=== Stored data ===
- - -
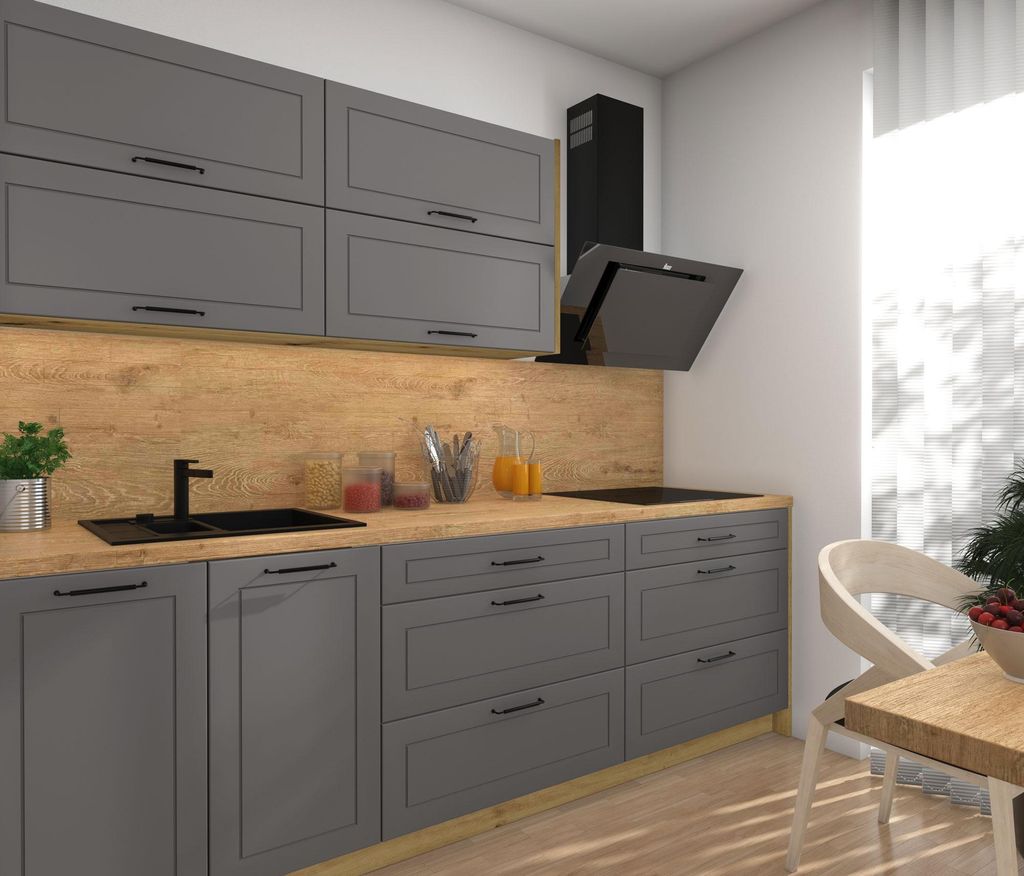 Modulare Küchenzeile KVANTUM Küchenblock 250cm Farbe & Ausführung wählbar HETTICH InnoTech Atira Vollauszug dust grey matt Eiche Artisan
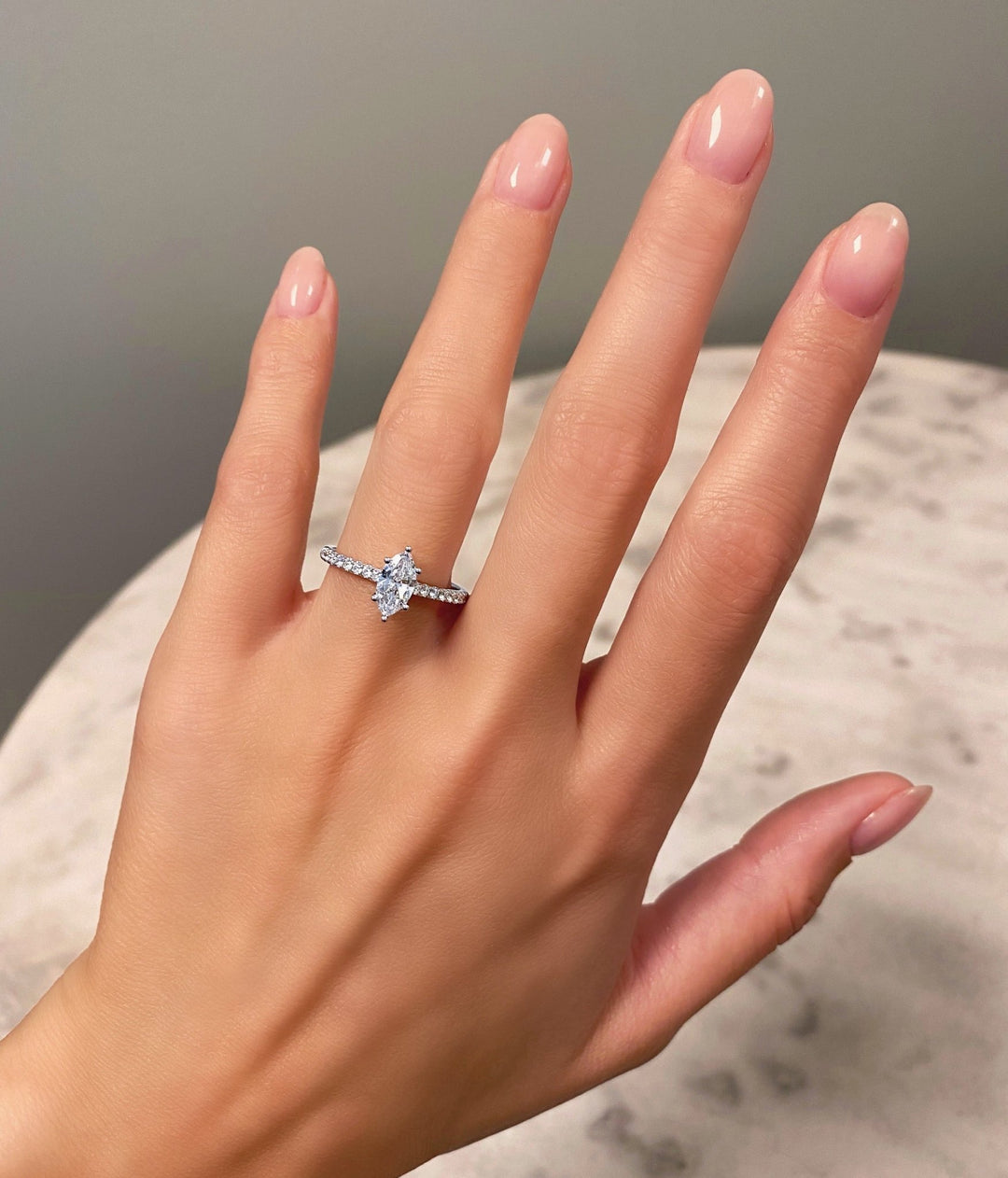 Marquise pave diamond engagement ring available in multiple metals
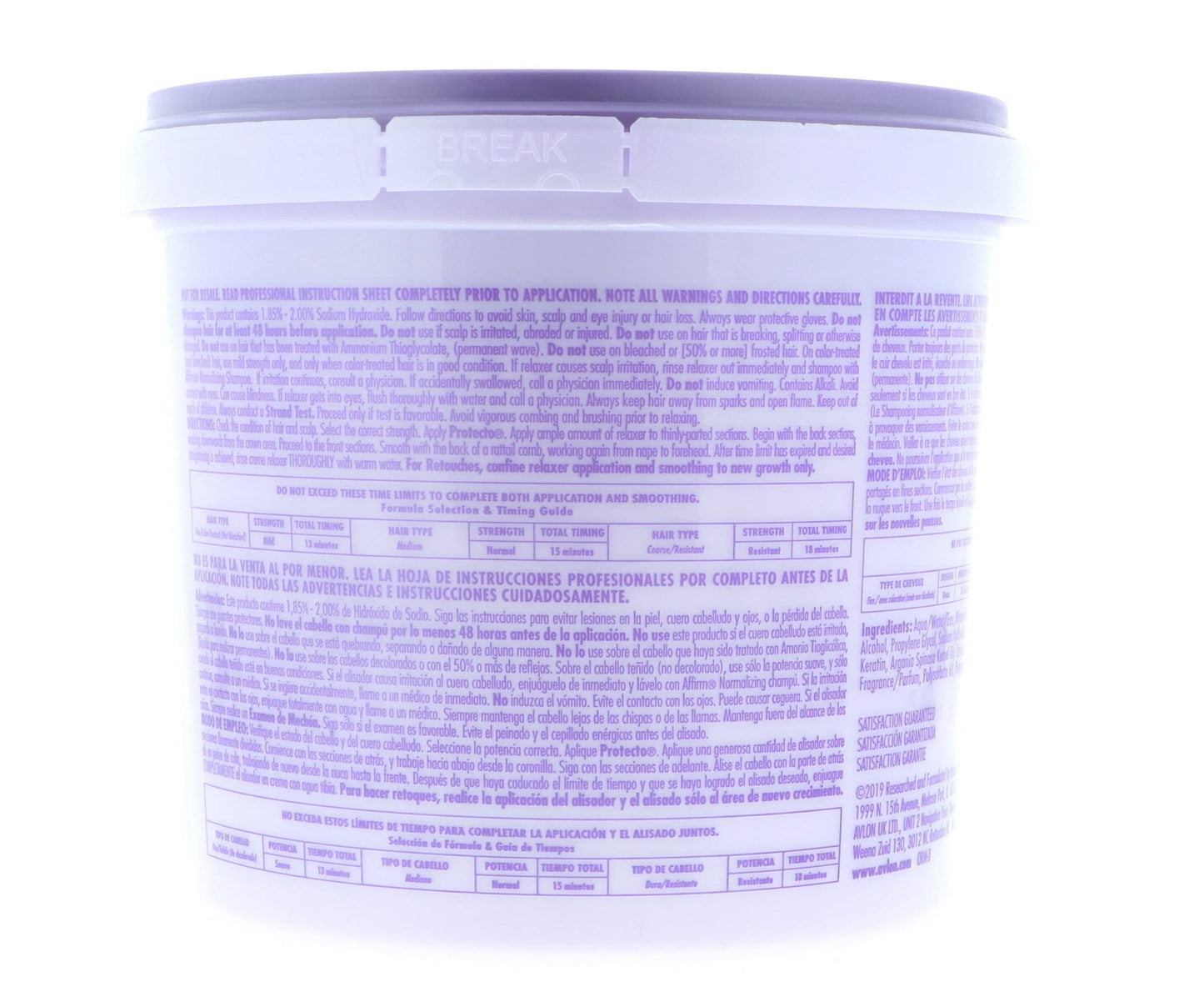 Avlon Affirm Creme Relaxer - 4 lb - Control : Mild (Time Release Sodium Hydroxide)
- - -
=== Your instructions ===
For this exercise, return the material word for word and drop each image.

=== Answer to this exercise ===
 Modulare Küchenzeile KVANTUM Küchenblock 250cm Farbe & Ausführung wählbar HETTICH InnoTech Atira Vollauszug dust grey matt Eiche Artisan
 Marquise pave diamond engagement ring available in multiple metals
 Avlon Affirm Creme Relaxer - 4 lb - Control : Mild (Time Release Sodium Hydroxide)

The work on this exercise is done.